## TASK DETAILS
Reproduce the listing exactly. Omit pictures.

## RECORD EXCERPTS
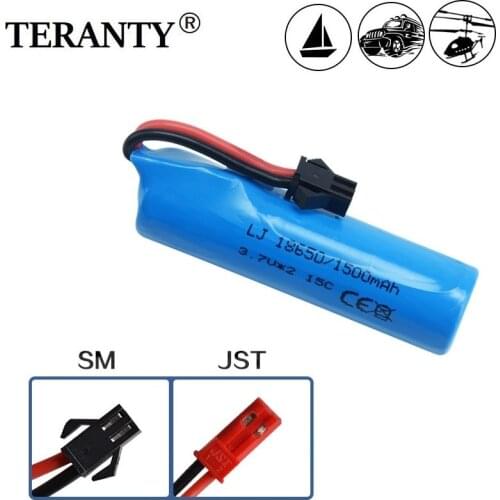 1-5Pcs 3.7V 1500mAh 18650 Li-ion Battery Remote Control Helicopter Airplanes Car Boat Gun toys Battery With JST-2P / SM-2P Plug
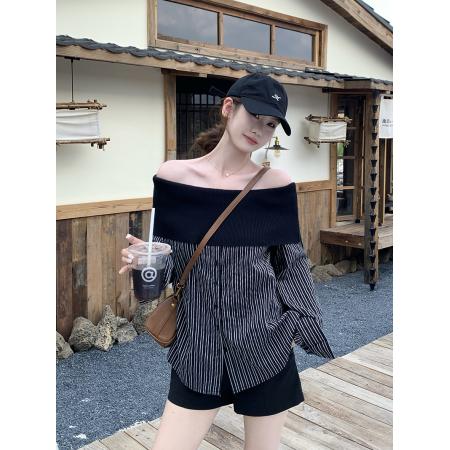 FA44735# 高级感条纹拼接一字肩长袖衬衫上衣女 服裝批發女裝批發服飾貨源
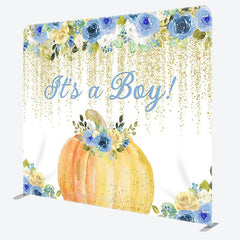Aperturee - Aperturee Its A Boy Flowers Fabric Backdrop Cover for Baby Shower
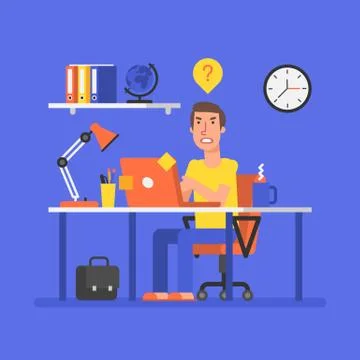 Man is sitting at table with computer and ran into problem Stock Illustration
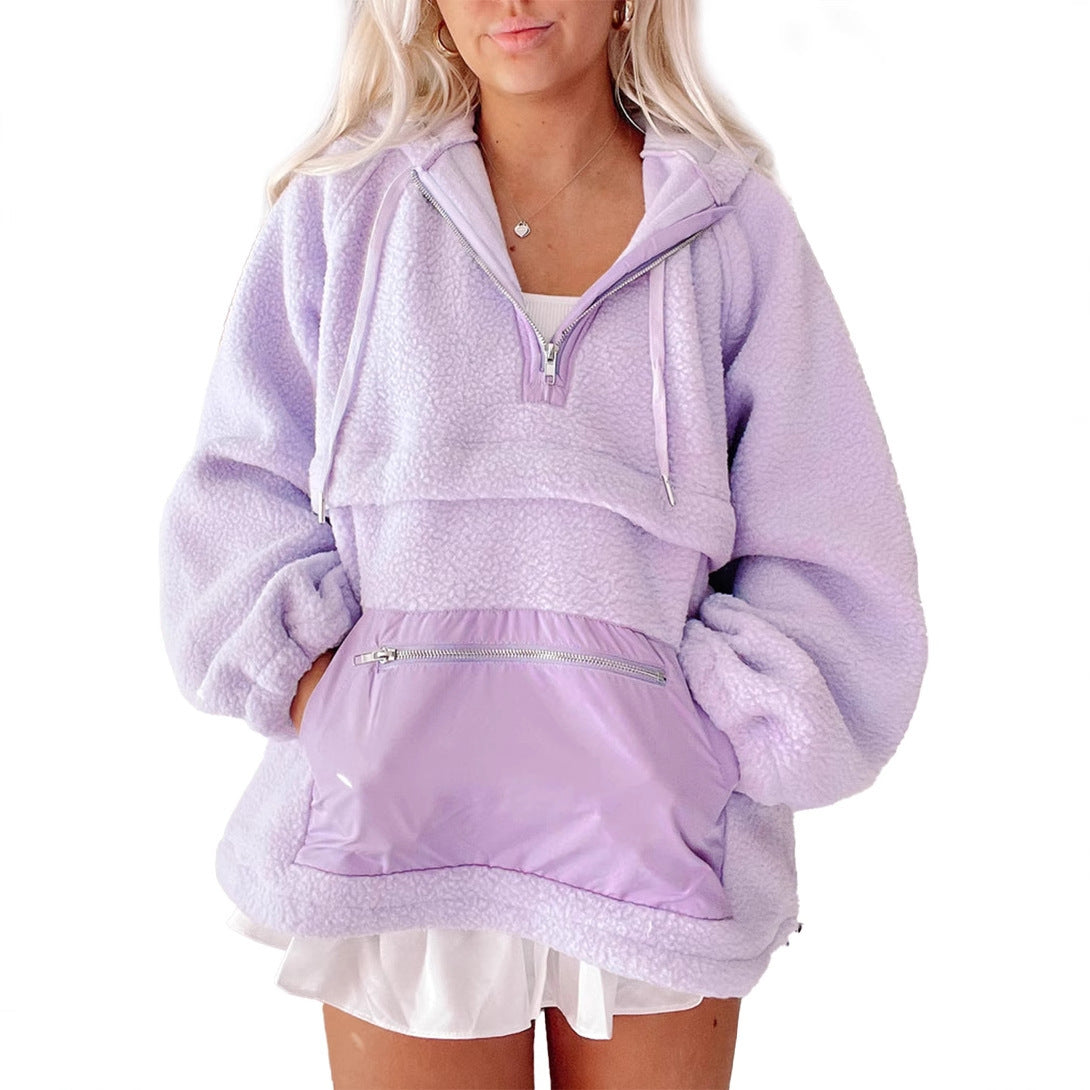 Damen Fleece-Pullover mit hohem Kragen und praktischer Fronttasche WW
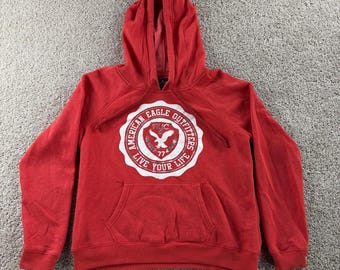 Y2K American Eagle Outfitters Hoodie Womens Large Red Fleece Pullover Sweatshirt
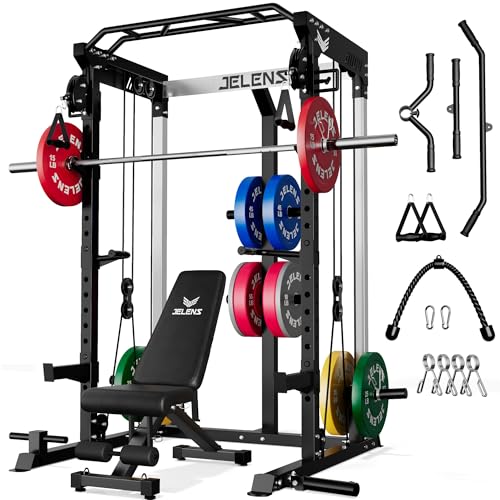 Image of JELENS C21 Power Cage, 2000LBS Multi-Function Power Rack with Independent Dual Pulley System, All-in-One Squat Rack for Cable Crossover, Home Gym Workout Machine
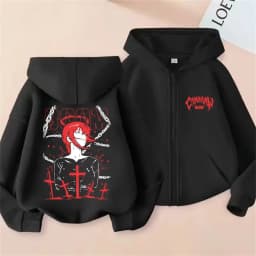 Anime Chainsaw Person Washing Retro Zipper Hoodie cartoon Electric Second Pochita Funny Picture Men's and Women's Comic Jacket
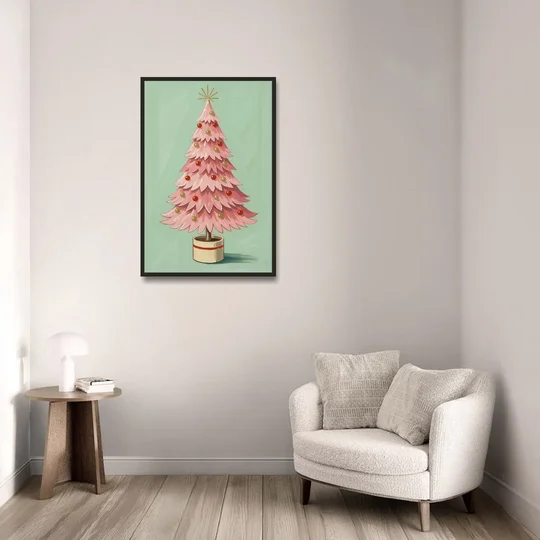 Pink Christmas Tree Painting in a Cream Drum Pot - Black Framed Canvas Wall Art - Sofa - 24x36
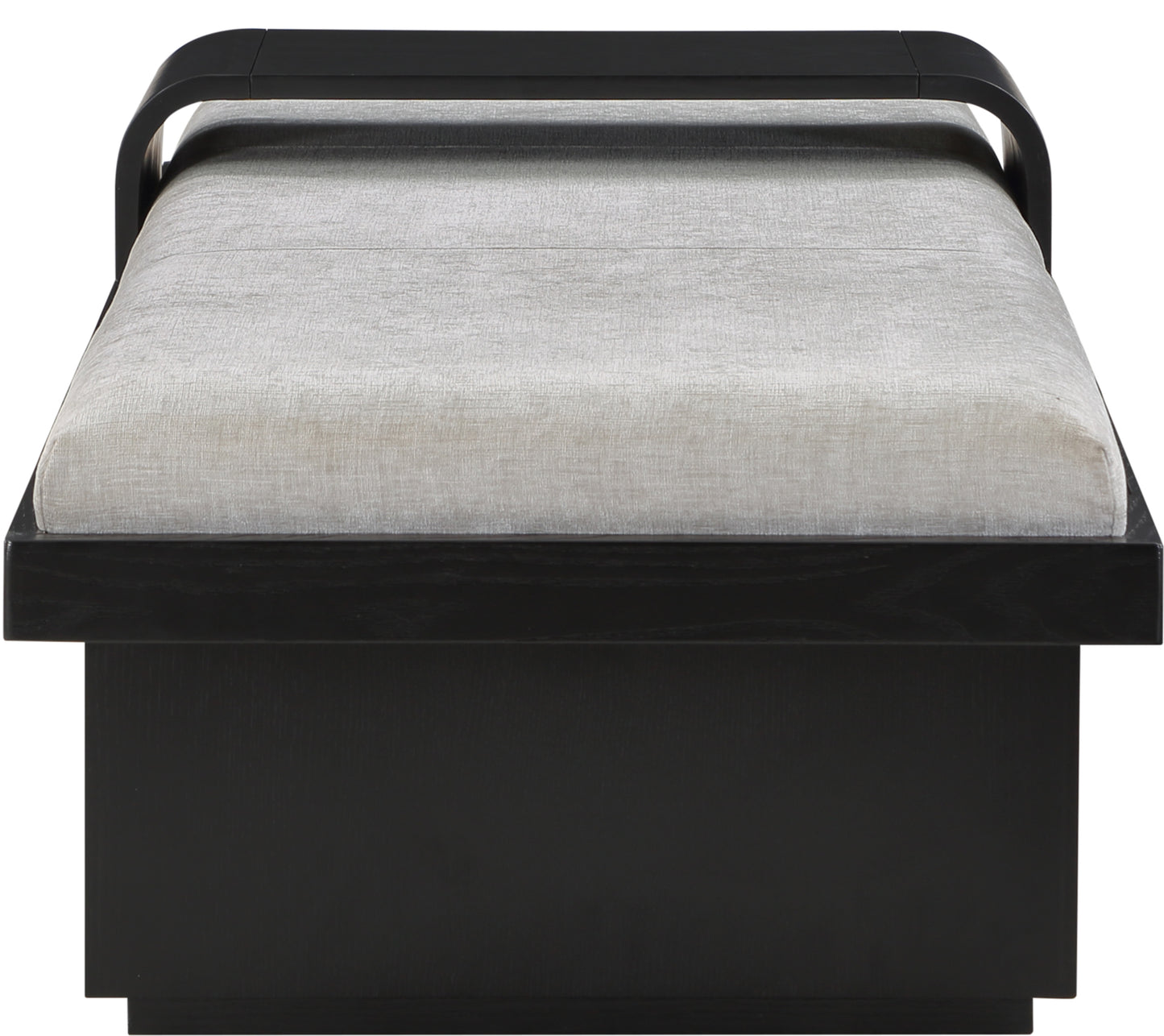 petal light grey chenille fabric bench grey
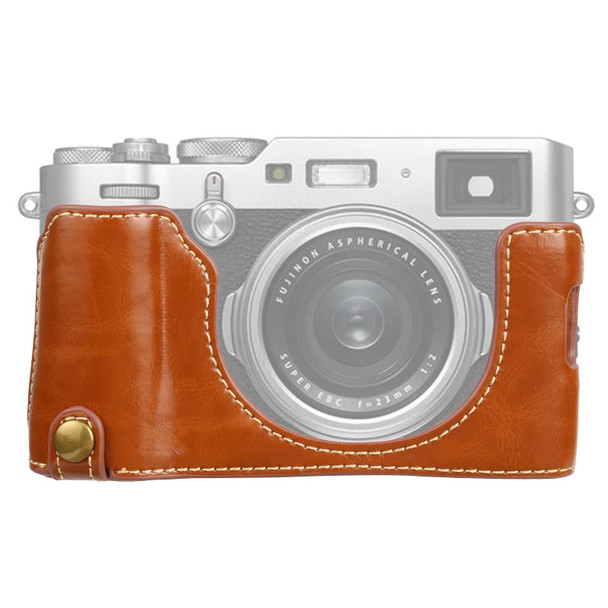 1/4 inch Thread PU Leatherette Camera Half Case Base for FUJIFILM X100V (Brown)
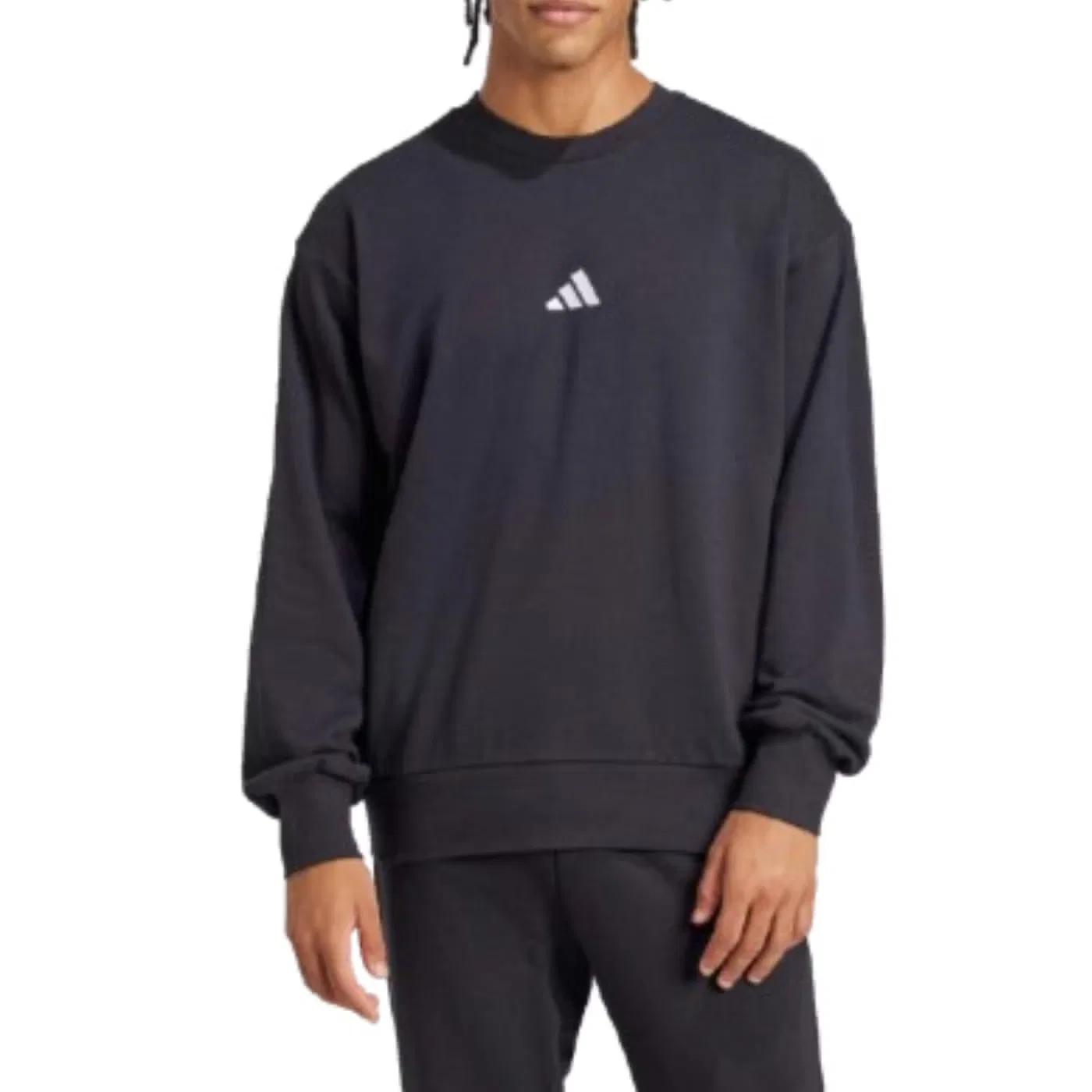 Свитшот из футера с длинным рукавом Essentials Feelcozy Adidas, черный — фото 2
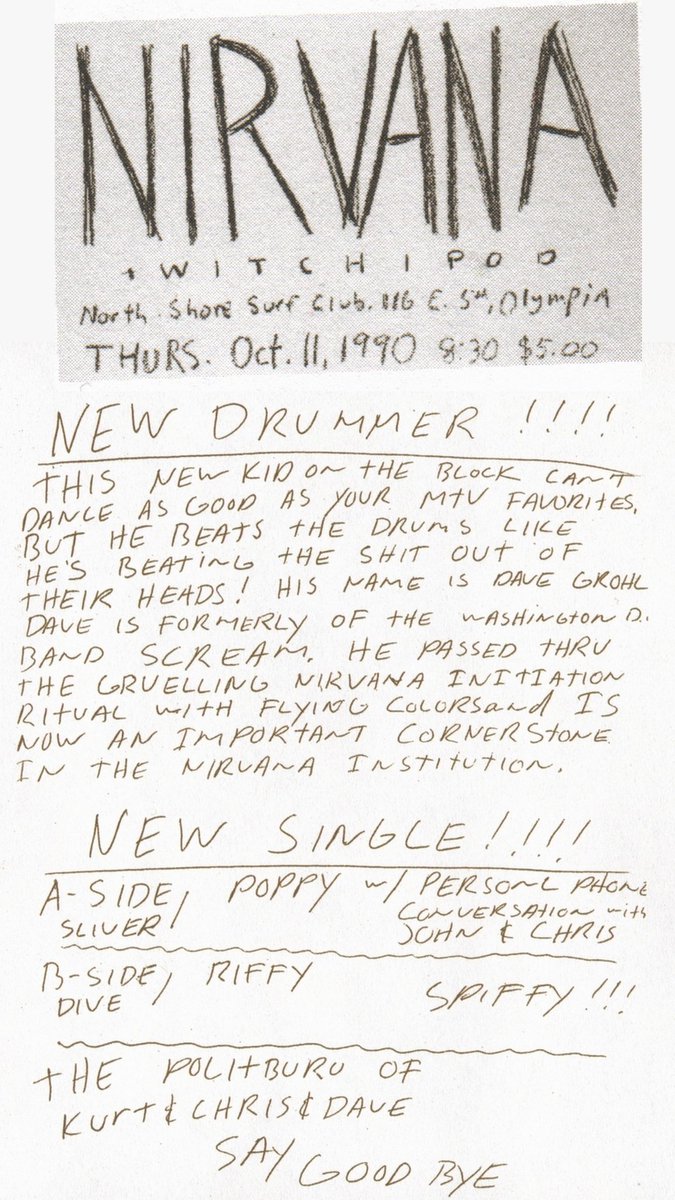 TheGrungeScene's tweet image. October 11, 1990 – Dave Grohl played his first show with Nirvana! (Olympia, WA)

## ANSWER TO THIS TASK
 1-5Pcs 3.7V 1500mAh 18650 Li-ion Battery Remote Control Helicopter Airplanes Car Boat Gun toys Battery With JST-2P / SM-2P Plug
 FA44735# 高级感条纹拼接一字肩长袖衬衫上衣女 服裝批發女裝批發服飾貨源
Aperturee - Aperturee Its A Boy Flowers Fabric Backdrop Cover for Baby Shower
 Man is sitting at table with computer and ran into problem Stock Illustration
 Damen Fleece-Pullover mit hohem Kragen und praktischer Fronttasche WW
 Y2K American Eagle Outfitters Hoodie Womens Large Red Fleece Pullover Sweatshirt
 Image of JELENS C21 Power Cage, 2000LBS Multi-Function Power Rack with Independent Dual Pulley System, All-in-One Squat Rack for Cable Crossover, Home Gym Workout Machine
 Anime Chainsaw Person Washing Retro Zipper Hoodie cartoon Electric Second Pochita Funny Picture Men's and Women's Comic Jacket
 Pink Christmas Tree Painting in a Cream Drum Pot - Black Framed Canvas Wall Art - Sofa - 24x36
 petal light grey chenille fabric bench grey
 1/4 inch Thread PU Leatherette Camera Half Case Base for FUJIFILM X100V (Brown)
 Свитшот из футера с длинным рукавом Essentials Feelcozy Adidas, черный — фото 2
 TheGrungeScene's tweet image. October 11, 1990 – Dave Grohl played his first show with Nirvana! (Olympia, WA)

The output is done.